· 7 min read ·

Phase Blindness: What Meilisearch's Allocator Experiments Reveal About Memory Under Real Load

Source: lobsters

The memory allocator is one of those components that most programs never need to think about. Pick the system default, ship it, and the allocator quietly handles every Box::new, Vec::push, and HashMap::insert for the life of the process. For most programs this is the right call. For a search engine doing sustained indexing under concurrent query load, it is almost certainly wrong, and the recent investigation by Clément Renault (kerollmops) into Meilisearch’s allocator behavior illustrates why in concrete terms.

The title signals what the experiments found: one allocator behaved well, one misbehaved, and one leaked. Working out which is which, and why the outcomes were predictable, requires understanding the shape of the problem those allocators are being asked to solve.

The Bimodal Memory Problem in Search Engines

Meilisearch has two fundamentally different workloads running in the same process. During indexing, the engine ingests documents, tokenizes them, constructs intermediate posting list data, merges sorted runs, and writes everything to LMDB. During search, the engine parses queries, intersects Roaring Bitmap posting lists from LMDB’s memory-mapped pages, and scores and ranks candidates.

These two workloads produce almost opposite allocation patterns.

Indexing allocates heavily and variably: short token strings, variable-length posting list entries, merge buffers that expand and contract, per-document metadata blobs. The allocations are ephemeral, but they span a wide range of sizes and live for the duration of processing one document or batch. When a batch finishes and those allocations are freed, they leave holes of many different sizes scattered through the heap.

Search allocates predictably and repetitively: small score accumulators, Roaring Bitmap scratch buffers, result ranking structures. These are short-lived, turn over rapidly, and are much more uniform in size. If the heap is already fragmented from indexing, the spatial locality of these small search allocations degrades, and RSS sits elevated even when most of the heap is technically “free.”

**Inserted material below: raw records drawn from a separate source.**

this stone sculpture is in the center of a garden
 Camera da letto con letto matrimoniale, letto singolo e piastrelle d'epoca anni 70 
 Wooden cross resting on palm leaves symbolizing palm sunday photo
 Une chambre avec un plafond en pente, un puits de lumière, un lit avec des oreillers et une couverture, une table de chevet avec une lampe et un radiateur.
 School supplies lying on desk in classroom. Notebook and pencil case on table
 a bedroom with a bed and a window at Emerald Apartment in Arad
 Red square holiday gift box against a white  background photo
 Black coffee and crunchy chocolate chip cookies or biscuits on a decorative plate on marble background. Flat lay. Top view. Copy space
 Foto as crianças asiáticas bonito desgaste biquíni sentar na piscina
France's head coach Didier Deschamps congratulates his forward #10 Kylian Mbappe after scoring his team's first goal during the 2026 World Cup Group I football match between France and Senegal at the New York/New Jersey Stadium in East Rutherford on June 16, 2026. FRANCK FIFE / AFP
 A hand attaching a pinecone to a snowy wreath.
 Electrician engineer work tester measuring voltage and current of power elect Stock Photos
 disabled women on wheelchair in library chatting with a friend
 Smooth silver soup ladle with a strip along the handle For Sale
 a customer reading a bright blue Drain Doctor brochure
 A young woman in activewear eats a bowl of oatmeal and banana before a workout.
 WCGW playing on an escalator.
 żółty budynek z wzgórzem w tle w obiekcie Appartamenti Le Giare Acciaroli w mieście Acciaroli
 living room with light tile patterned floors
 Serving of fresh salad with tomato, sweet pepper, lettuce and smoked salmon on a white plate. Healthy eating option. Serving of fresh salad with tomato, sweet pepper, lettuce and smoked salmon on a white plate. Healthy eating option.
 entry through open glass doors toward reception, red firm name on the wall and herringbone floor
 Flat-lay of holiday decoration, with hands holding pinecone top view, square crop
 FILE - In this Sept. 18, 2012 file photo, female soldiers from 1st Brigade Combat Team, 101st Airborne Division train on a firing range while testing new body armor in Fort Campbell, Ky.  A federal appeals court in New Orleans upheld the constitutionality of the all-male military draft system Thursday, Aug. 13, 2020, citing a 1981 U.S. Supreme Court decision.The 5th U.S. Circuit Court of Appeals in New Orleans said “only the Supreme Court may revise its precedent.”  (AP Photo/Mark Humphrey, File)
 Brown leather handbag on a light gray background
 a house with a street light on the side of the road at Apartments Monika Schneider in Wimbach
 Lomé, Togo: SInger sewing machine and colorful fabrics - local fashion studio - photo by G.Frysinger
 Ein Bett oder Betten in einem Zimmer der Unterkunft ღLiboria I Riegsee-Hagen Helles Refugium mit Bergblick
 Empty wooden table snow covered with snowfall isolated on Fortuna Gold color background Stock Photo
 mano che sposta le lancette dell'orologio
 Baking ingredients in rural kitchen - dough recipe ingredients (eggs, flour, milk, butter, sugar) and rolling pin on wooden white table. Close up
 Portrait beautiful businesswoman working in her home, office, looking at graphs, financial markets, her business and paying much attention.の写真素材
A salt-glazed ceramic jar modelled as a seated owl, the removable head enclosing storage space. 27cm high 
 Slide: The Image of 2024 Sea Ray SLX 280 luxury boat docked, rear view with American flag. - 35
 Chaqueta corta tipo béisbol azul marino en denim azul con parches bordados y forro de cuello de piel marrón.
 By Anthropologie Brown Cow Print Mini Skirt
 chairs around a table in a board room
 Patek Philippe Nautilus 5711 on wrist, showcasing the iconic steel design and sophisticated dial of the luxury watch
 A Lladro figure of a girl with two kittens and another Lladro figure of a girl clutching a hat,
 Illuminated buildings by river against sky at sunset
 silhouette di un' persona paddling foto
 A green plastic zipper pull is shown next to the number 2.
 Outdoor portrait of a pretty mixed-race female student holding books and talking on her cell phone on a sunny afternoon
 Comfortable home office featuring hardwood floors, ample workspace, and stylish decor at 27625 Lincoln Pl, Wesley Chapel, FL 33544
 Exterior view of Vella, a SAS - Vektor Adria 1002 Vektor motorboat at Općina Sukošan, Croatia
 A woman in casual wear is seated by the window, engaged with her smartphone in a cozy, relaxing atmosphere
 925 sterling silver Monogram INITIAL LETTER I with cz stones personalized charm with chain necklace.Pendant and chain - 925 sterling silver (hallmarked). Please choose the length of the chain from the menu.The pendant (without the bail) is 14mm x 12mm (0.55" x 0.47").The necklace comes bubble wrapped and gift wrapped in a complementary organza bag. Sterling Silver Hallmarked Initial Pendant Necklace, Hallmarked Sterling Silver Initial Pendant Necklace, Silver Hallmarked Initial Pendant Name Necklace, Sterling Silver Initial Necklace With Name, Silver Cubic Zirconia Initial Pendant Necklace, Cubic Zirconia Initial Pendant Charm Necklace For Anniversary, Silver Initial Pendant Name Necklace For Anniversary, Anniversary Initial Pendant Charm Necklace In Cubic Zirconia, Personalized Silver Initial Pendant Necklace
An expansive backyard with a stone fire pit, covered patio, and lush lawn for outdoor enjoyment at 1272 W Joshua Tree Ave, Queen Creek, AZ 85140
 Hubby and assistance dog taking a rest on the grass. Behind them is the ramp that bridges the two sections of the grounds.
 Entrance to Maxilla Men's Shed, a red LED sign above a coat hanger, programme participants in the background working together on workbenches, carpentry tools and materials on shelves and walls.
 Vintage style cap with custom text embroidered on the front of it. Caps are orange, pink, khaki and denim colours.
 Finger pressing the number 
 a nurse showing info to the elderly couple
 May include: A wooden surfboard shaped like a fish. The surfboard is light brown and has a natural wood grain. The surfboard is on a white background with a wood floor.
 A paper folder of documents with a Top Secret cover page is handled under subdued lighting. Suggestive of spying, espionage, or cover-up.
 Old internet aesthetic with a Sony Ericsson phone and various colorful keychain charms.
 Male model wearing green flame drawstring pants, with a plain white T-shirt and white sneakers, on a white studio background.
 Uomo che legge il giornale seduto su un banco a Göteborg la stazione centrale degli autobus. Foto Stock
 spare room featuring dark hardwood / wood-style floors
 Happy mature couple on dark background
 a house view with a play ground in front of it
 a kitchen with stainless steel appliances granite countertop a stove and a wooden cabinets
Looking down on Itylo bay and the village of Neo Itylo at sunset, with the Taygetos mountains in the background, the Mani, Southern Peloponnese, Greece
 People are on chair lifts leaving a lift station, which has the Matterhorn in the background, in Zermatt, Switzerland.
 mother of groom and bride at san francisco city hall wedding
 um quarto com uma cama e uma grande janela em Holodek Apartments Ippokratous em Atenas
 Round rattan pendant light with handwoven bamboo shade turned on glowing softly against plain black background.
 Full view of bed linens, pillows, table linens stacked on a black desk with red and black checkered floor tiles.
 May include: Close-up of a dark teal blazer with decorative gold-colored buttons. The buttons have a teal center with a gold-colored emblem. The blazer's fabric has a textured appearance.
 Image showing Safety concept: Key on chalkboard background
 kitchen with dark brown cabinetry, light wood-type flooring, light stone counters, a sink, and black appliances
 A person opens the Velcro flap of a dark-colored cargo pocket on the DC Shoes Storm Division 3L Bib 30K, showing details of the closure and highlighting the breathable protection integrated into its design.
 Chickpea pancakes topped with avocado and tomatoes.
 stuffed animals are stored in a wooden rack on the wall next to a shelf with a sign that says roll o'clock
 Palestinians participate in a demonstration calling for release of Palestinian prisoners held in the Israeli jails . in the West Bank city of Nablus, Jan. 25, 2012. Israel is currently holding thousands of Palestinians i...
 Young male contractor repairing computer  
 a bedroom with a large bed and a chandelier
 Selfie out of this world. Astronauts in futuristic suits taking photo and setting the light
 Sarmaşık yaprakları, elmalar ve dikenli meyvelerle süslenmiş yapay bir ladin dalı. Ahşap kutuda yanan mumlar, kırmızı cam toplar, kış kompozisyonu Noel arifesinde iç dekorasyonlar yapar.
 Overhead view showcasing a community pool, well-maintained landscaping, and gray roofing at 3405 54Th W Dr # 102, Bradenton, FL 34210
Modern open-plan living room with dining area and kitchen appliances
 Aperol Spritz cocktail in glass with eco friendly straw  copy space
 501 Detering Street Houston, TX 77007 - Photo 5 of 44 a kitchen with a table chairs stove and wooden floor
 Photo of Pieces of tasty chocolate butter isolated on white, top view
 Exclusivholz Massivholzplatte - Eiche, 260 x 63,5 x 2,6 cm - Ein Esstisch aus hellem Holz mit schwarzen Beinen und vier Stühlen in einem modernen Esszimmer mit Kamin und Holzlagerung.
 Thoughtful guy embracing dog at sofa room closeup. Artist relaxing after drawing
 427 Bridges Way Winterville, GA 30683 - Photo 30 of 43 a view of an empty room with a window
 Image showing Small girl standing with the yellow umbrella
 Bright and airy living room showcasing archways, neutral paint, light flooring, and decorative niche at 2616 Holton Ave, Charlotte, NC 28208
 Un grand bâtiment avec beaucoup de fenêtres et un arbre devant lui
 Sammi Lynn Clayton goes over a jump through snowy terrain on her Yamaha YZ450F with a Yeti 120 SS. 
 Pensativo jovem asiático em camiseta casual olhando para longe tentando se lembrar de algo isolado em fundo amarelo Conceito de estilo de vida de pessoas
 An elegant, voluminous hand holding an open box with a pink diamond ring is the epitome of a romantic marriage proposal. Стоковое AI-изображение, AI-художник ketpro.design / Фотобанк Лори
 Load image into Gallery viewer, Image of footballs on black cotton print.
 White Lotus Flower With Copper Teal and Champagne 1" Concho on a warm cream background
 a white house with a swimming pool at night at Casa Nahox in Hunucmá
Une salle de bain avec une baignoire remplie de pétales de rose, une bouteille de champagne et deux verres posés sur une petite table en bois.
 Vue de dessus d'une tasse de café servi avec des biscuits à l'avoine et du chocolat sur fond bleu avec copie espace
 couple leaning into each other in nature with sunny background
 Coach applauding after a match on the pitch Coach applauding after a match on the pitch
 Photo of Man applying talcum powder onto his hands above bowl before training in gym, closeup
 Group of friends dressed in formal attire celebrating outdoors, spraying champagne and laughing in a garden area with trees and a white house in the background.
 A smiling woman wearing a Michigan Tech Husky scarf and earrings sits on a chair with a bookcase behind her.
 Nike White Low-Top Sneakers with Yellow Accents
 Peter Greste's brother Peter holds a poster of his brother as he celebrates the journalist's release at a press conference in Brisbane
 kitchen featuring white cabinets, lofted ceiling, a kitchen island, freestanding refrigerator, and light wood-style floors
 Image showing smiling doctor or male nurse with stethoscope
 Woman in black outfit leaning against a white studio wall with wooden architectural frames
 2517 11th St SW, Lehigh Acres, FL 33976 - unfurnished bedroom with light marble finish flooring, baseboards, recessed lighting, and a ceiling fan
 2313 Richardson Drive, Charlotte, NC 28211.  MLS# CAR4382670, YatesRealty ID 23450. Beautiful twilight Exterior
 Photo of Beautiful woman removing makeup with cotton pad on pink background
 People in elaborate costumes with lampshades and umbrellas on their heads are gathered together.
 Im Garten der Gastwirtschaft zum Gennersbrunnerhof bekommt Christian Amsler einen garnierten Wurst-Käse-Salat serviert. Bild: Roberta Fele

This is the textbook external fragmentation scenario, made worse by the fact that search and indexing can run concurrently. Indexing’s large transient allocations interleave with search’s small persistent ones in the heap, and when the indexing allocations are freed, the heap looks like a gap-filled street: each small search allocation is an inhabited building with an empty lot beside it.

jemalloc: The Reliable Default and Its Decay Behavior

jemalloc (Jason Evans malloc, originally written for FreeBSD in 2005 and maintained primarily by Meta) is the canonical choice for high-performance Rust servers. Meilisearch sets it as the global allocator via tikv-jemallocator:

use tikv_jemallocator::Jemalloc;

#[global_allocator]
static GLOBAL: Jemalloc = Jemalloc;

This single declaration routes all alloc::* operations through jemalloc for the lifetime of the process. The arena model assigns threads to independent heaps (4 × CPU count by default), each with its own free lists, slab metadata, and dirty page tracking. The per-thread tcache makes allocation lock-free on the hot path: small allocations hit the tcache with essentially no synchronization. For search-phase workloads, this is excellent behavior.

The problem surfaces after heavy indexing. jemalloc’s dirty page decay mechanism, controlled by dirty_decay_ms (default 10,000 ms) and muzzy_decay_ms (default 5,000 ms), intentionally holds freed memory in a decay queue rather than immediately returning it to the OS. This amortizes the cost of mmap/munmap syscalls across time. The consequence is that RSS stays elevated for up to ten seconds after a large indexing burst, and under continuous indexing load, the decay queue never fully drains.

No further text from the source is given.